Blanqué: For me the relevant distinction is between what and how: What do I want to do? How can I implement it — cap-weighted indices, smart beta, factors, et cetera, and not active-passive. I think if you are embracing the factor investing framework, basically everything is active in the sense that, consciously or unconsciously, all your buckets are incorporating some factor exposure. The minimum is to know the factors you are exposed to, and the best is to be able to select them, diversify and time them, which is arguably one of the next frontiers.

Broccardo: The biggest marketing budgets across the asset management space are in smart beta. The hope is it’s not procyclical and that it doesn’t blow up and distort markets itself. You see strategy after strategy being arbitraged away. A weight-of-money momentum can drive things to excess. It’s certainly one of those things to look out for.

Larsen: I would like to speak a little bit in defense of cap-weighted indices. I think that there could potentially be something in factor exposures, but a very good reference point is to take the market-cap-weighted indices as a reference, because you can have an informational advantage and utilize that but you cannot have that in the aggregate. The total market must be held by investors. So if there are factors there that can give you a systematic risk premium that will benefit your portfolio, it must be because you are different from some other investors, who are willing to forgo some return because they do not like to have small caps or they do not like to have value companies. It’s a very good reference point for investors like us to think about what is your comparative advantage to other types of investors out there and then reap those advantages of being long-term investors or whatever that is.

Roger, you’ve adopted a reference portfolio approach. Can you talk a little bit about the rationale behind that and what it’s allowing you to do?

Gray: That has increased the investment team’s flexibility. Much of the conversation today is, “What do you do?” Central banks are not looking to make money on quantitative easing. They want to get yields as low as they can possibly be to stimulate the economy, and when they are successful, they will lose a lot of money. There’s quite a lot of distortions introduced. The reference portfolio gives us a lot of flexibility to buy “anything, anywhere,” as we say, to meet the fund’s objectives. We’re focusing more on asset-liability risk and less on tracking error to indices or markets that may not actually be a very good guide to long-term risk and return.

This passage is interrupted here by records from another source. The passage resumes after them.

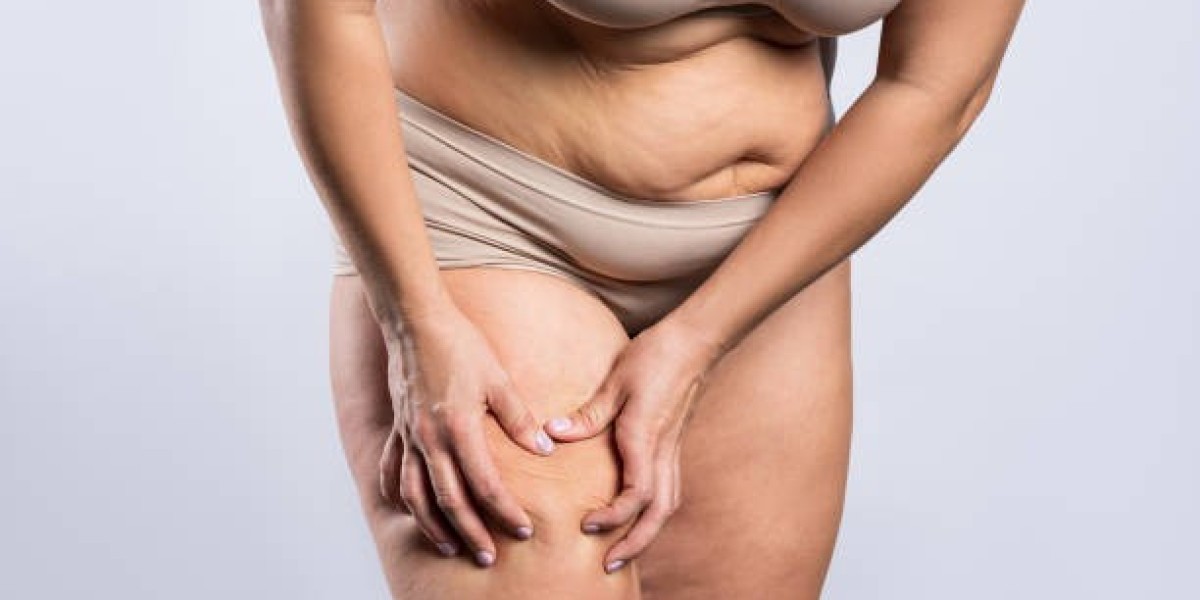 Future of Lipedema Research and Hope Ahead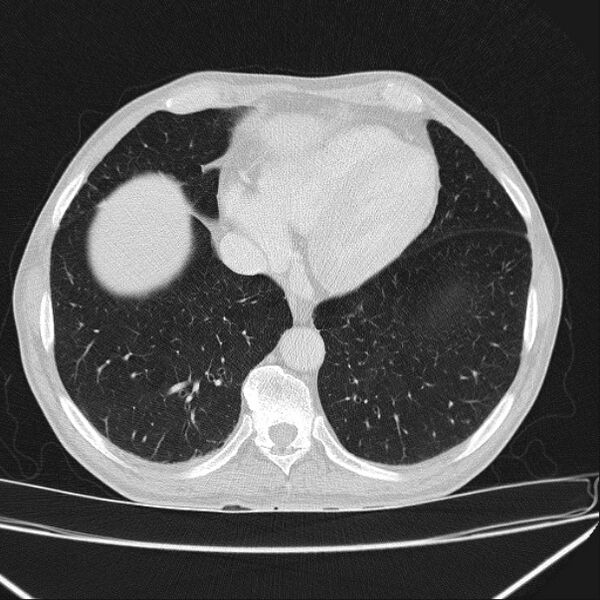 File:Azygos lobe (Radiopaedia 38259-40275 Axial lung window 63).jpg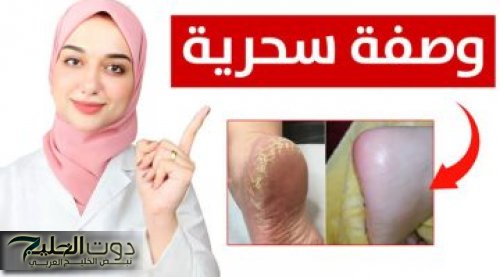 «سر جمال كعب الهوانم ».. طريقة سحرية للقضاء على التشققات في الكعبين وازالة الجلد الميت في ثواني فقط ومن أول مره .. مستحيل تخطر على بال العفريت نفسه!!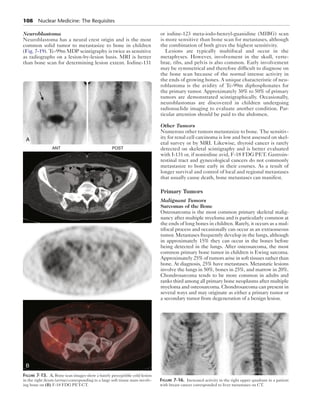 108 Nuclear Medicine: The Requisites 
Neuroblastoma 
Neuroblastoma has a neural crest origin and is the most 
common solid tumor to metastasize to bone in children 
(Fig. 7-19). Tc-99m MDP scintigraphy is twice as sensitive 
as radiographs on a lesion-by-lesion basis. MRI is better 
than bone scan for determining lesion extent. Iodine-131 
or iodine-123 meta-iodo-benzyl-guanidine (MIBG) scan 
is more sensitive than bone scan for metastases, although 
the combination of both gives the highest sensitivity. 
Lesions are typically multifocal and occur in the 
metaphyses. However, involvement in the skull, verte-brae, 
ribs, and pelvis is also common. Early involvement 
may be symmetrical and therefore difficult to diagnose on 
the bone scan because of the normal intense activity in 
the ends of growing bones. A unique characteristic of neu-roblastoma 
is the avidity of Tc-99m diphosphonates for 
the primary tumor. Approximately 30% to 50% of primary 
tumors are demonstrated scintigraphically. Occasionally, 
neuroblastomas are discovered in children undergoing 
radionuclide imaging to evaluate another condition. Par-ticular 
attention should be paid to the abdomen. 
Other Tumors 
Numerous other tumors metastasize to bone. The sensitiv-ity 
for renal cell carcinoma is low and best assessed on skel-etal 
survey or by MRI. Likewise, thyroid cancer is rarely 
detected on skeletal scintigraphy and is better evaluated 
with I-131 or, if noniodine avid, F-18 FDG PET. Gastroin-testinal 
tract and gynecological cancers do not commonly 
metastasize to bone early in their courses. As a result of 
longer survival and control of local and regional metastases 
that usually cause death, bone metastases can manifest. 
Primary Tumors 
Malignant Tumors 
Sarcomas of the Bone 
Osteosarcoma is the most common primary skeletal malig-nancy 
after multiple myeloma and is particularly common at 
the ends of long bones in children. Rarely, it occurs as a mul-tifocal 
process and occasionally can occur as an extraosseous 
tumor. Metastases frequently develop in the lungs, although 
in approximately 15% they can occur in the bones before 
being detected in the lungs. After osteosarcoma, the most 
common primary bone tumor in children is Ewing sarcoma. 
Approximately 25% of tumors arise in soft tissues rather than 
bone. At diagnosis, 25% have metastases. Metastatic lesions 
involve the lungs in 50%, bones in 25%, and marrow in 20%. 
Chondrosarcoma tends to be more common in adults and 
ranks third among all primary bone neoplasms after multiple 
myeloma and osteosarcoma. Chondrosarcoma can present in 
several ways and may originate as either a primary tumor or 
a secondary tumor from degeneration of a benign lesion. 
ANT POST 
A 
B 
Figure 7-15. A, Bone scan images show a barely perceptible cold lesion 
in the right ileum (arrow) corresponding to a large soft tissue mass involv-ing 
bone on (B) F-18 FDG PET-CT. 
Figure 7-16. Increased activity in the right upper quadrant in a patient 
with breast cancer corresponded to liver metastases on CT. 
 
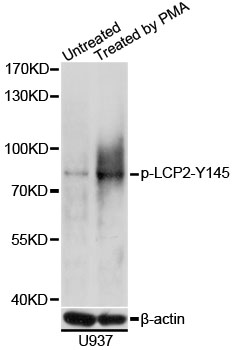 LCP2 / SLP-76 Antibody - Western blot analysis of extracts of U937 cells, using Phospho-LCP2-Y145 antibody at 1:1000 dilution. U-937 cells were treated by PMA/TPA (200nM) for 30 minutes. The secondary antibody used was an HRP Goat Anti-Rabbit IgG (H+L) at 1:10000 dilution. Lysates were loaded 25ug per lane and 3% nonfat dry milk in TBST was used for blocking. Blocking buffer: 3% BSA.An ECL Kit was used for detection and the exposure time was 10s.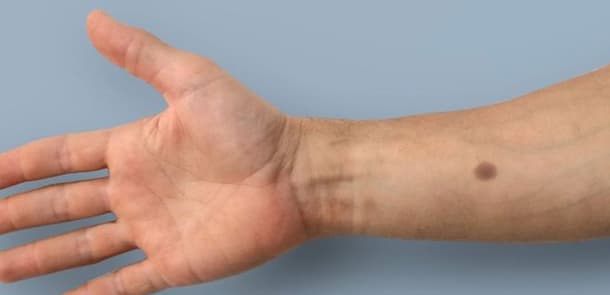 Xərçəngi əvvəlcədən müəyyən edə biləcək dəri implantı yaradıldı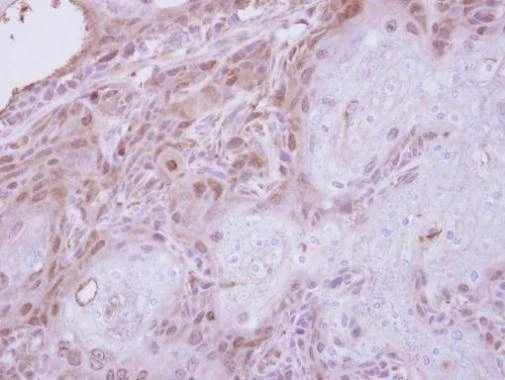 Anti-TPRKB Antibody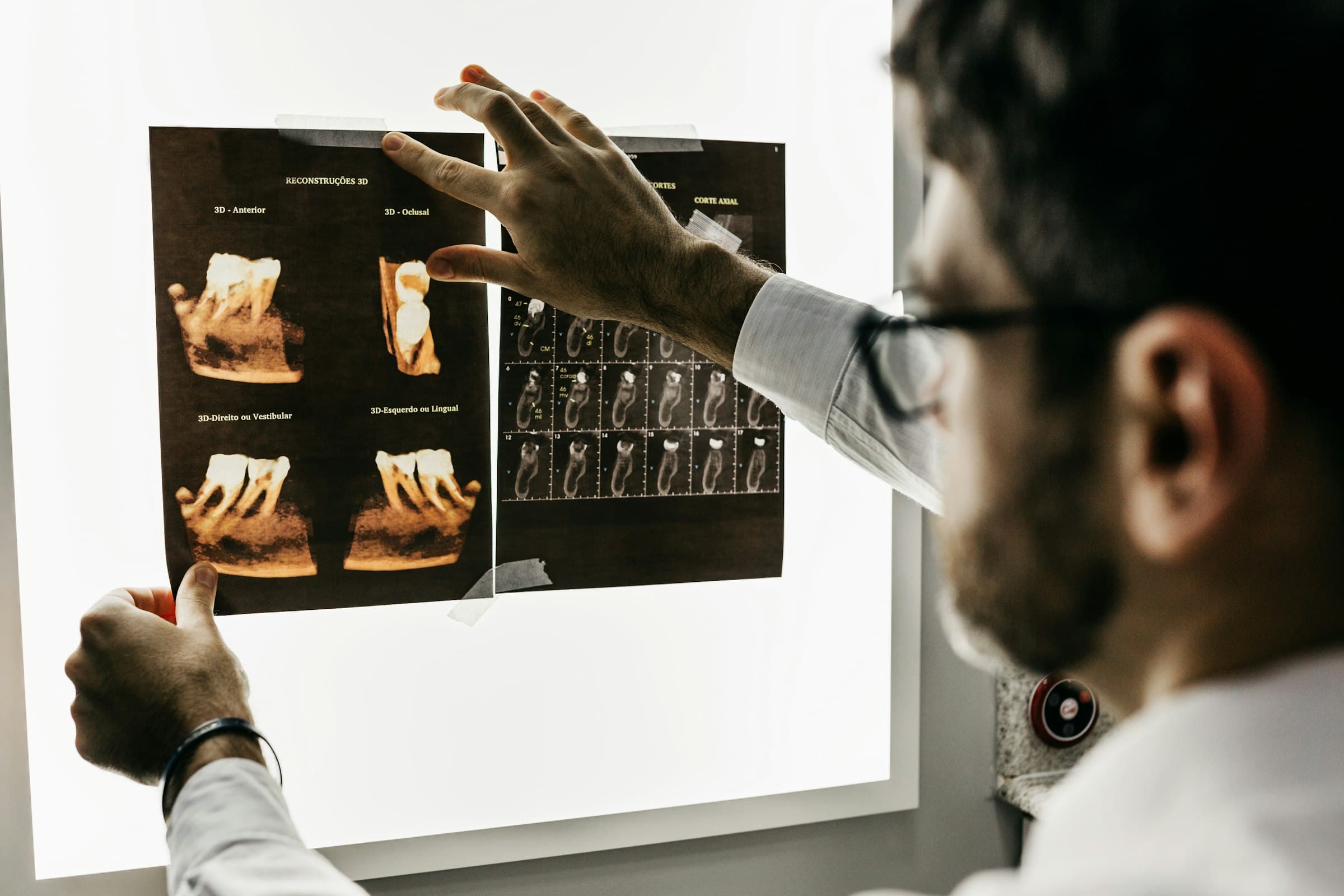 طب أسنان الأطفال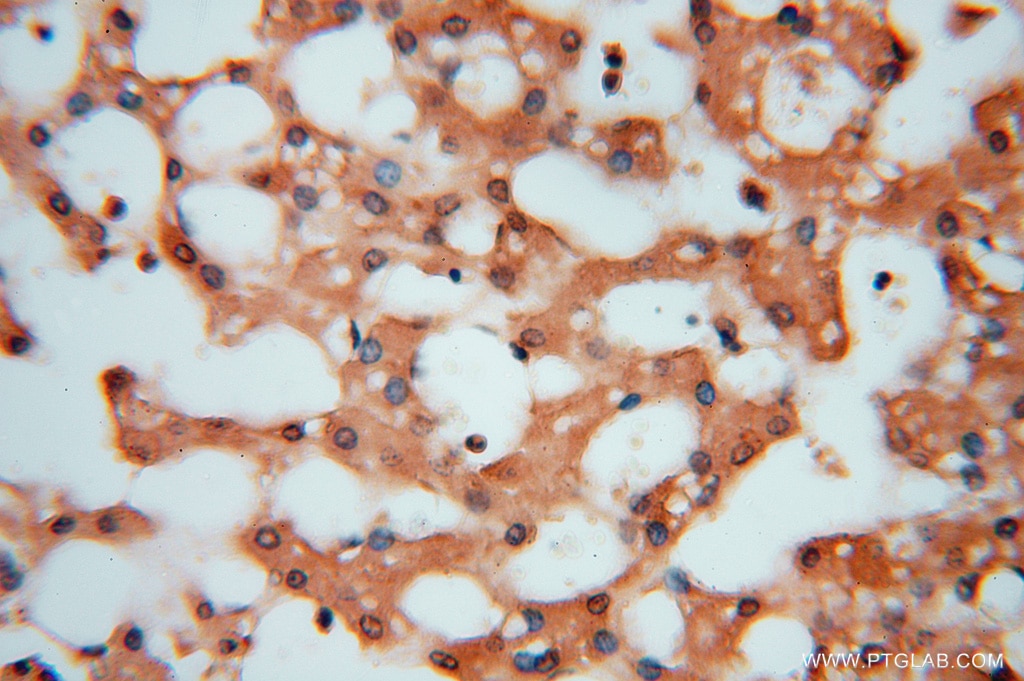 Immunohistochemistry (IHC) staining of human liver tissue using HDAC2-specific Polyclonal antibody (16152-1-AP)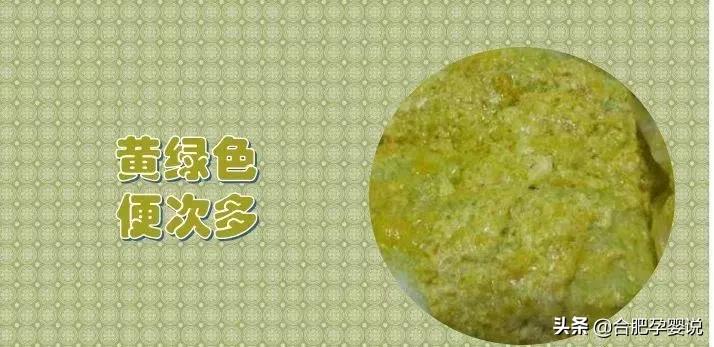 小宝宝拉绿屎怎么了,老话说宝宝拉绿屎怎么说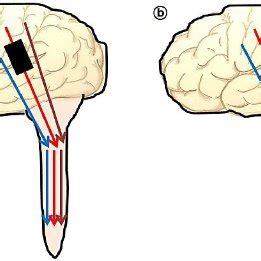 Illustration of electrical stimulation motor evoked potential pathway... | Download Scientific ...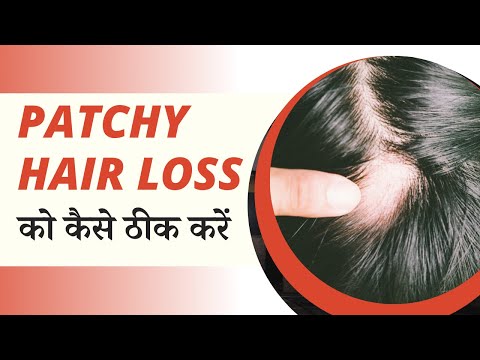 Patchy Hair Loss को कैसे ठीक करें | Patchy Hair Loss Treatment | Alopecia Areata Treatment |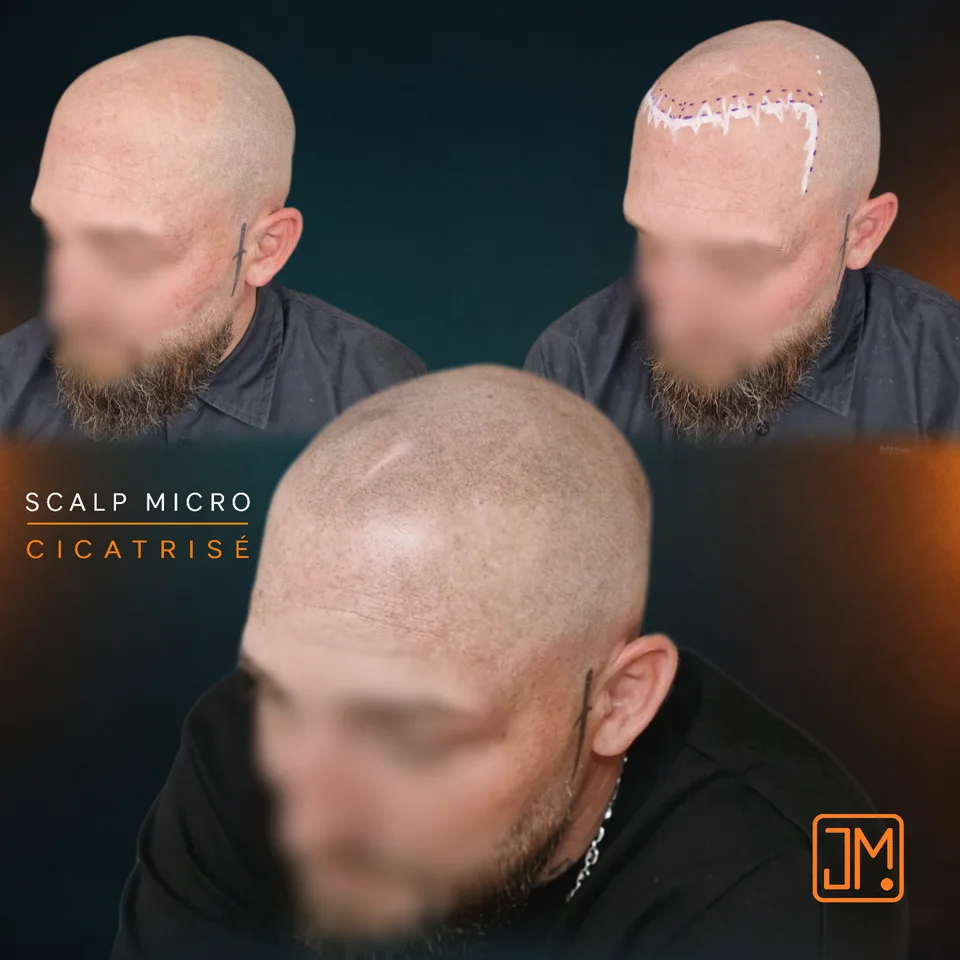 Micropigmentation capillaire : résultat cicatrisé avant retouche.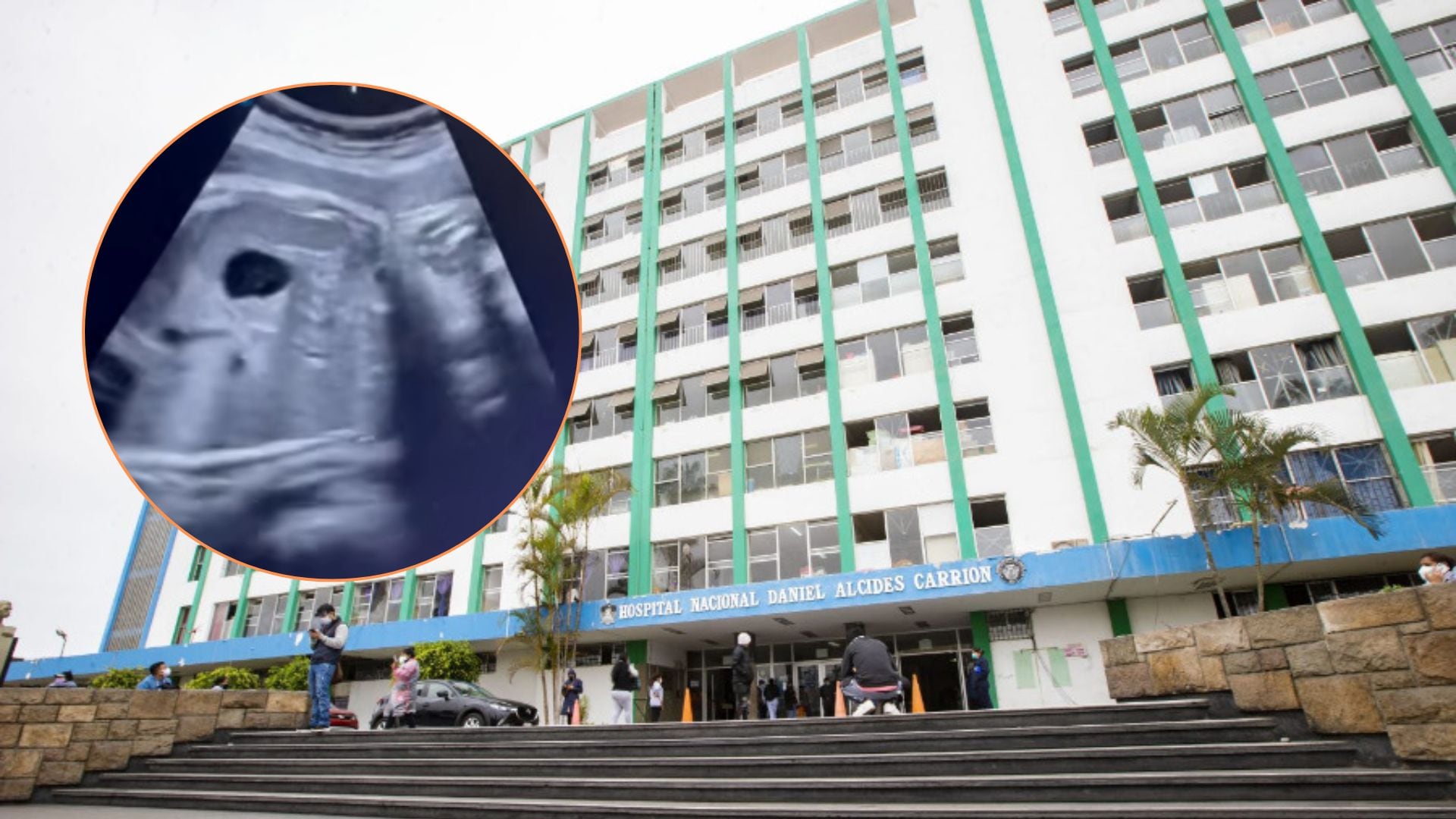Madre que esperaba gemelas acude al hospital Carrión, pero solo le entregaron a una y el médico se va de viaje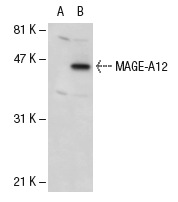  MAGE (I-17): sc-31320. Western blot analysis of MAGE expression in non-transfected: sc-110760 (A) and human MAGE-A1 transfected: sc-112260 (B) 293 whole cell lysates.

We’re on a mission to upgrade our equity research and concentrate our portfolio. We’re sort of heading from 300 companies in developed equities to about 120 companies. I think our portfolio has the capacity to generate more alpha. We have been at work for almost ten years now building up our private markets capability, and certainly we found niches where we believe we have an informational advantage, where we can reap a complexity, illiquidity or other premium if we can understand it.

We’ve been working hard — this is a very, very demanding task — to try to be able to look at the whole portfolio, including assets that are not regularly priced. We’re allowed to have risk similar to or less than this reference portfolio, which we’re charged with beating over five-year periods. So we don’t have to be too fixated on the short term. And having the capability and the governance flexibility to take timely decisions, that has been what we’ve been doing. And so far, I’m pleased to say that it does appear to be working. All assessments of performance are highly conditional on the period over which you look, but certainly over the past several years we’ve generated a lot of added value from activities that have been quite significantly transformed from how they would have been conducted a decade ago.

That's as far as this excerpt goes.